Sing-Chien Yap, Robert-Jan M. van Geuns, Attila Nemes, Folkert J. Meijboom, Jackie S. McGhie, Marcel L. Geleijnse, Maarten L. Simoons, Jolien W. Roos-Hesselink
DOI: http://dx.doi.org/10.1016/j.euje.2007.03.037 255-260 First published online: 8 March 2008

Abstract

Aims To evaluate the accuracy of real-time three-dimensional echocardiography (RT3DE) using a biplane and multiplane method in determining left ventricular (LV) mass compared to cardiac magnetic resonance imaging (CMR).

Methods and results LV mass was measured in 18 adult patients with congenital aortic stenosis using CMR and echocardiography (M-mode, two-dimensional echocardiography (2DE), and RT3DE). RT3DE data were analysed using a biplane and multiplane method. No geometric assumptions were necessary using the multiplane RT3DE method.

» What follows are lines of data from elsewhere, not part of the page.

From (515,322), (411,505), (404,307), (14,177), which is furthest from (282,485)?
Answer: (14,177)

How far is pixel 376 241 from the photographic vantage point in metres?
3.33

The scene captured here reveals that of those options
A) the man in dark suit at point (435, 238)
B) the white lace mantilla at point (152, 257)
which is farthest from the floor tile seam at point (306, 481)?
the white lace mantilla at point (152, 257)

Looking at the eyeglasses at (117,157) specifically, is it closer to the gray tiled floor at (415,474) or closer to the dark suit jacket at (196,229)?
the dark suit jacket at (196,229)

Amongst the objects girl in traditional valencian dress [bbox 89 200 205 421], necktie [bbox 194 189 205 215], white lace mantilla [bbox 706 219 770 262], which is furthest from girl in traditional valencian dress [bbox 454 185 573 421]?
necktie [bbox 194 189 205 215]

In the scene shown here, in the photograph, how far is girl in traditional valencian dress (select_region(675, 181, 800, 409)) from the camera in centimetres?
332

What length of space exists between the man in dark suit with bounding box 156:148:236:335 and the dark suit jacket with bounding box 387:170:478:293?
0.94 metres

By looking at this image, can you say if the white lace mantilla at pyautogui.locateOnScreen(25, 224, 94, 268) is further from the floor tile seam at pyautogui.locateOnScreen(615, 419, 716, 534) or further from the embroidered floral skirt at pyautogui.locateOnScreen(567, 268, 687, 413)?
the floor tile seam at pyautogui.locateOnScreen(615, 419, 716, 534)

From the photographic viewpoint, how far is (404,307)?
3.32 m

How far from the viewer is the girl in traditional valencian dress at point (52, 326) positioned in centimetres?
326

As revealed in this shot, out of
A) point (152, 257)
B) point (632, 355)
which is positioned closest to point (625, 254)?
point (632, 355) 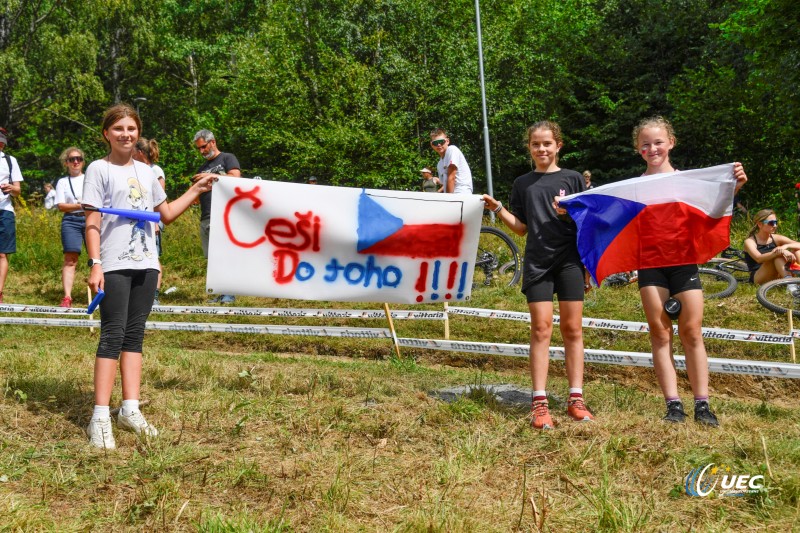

With regard to biplane or multiplane RT3DE, no tendency of over- or underestimation of LV mass was observed. Pearson's correlation coefficients for RT3DE versus CMR were 0.84 and 0.90 for the biplane and multiplane method, respectively. In addition, the accuracy of both RT3DE methods were comparable (Fisher's R-to-Z transformation: Z = 0.69, P = NS). Finally, off-line analysis using biplane RT3DE was significantly faster than multiplane RT3DE (3.8 ± 1.2 vs. 7.8 ± 1.7 minutes, P < 0.001).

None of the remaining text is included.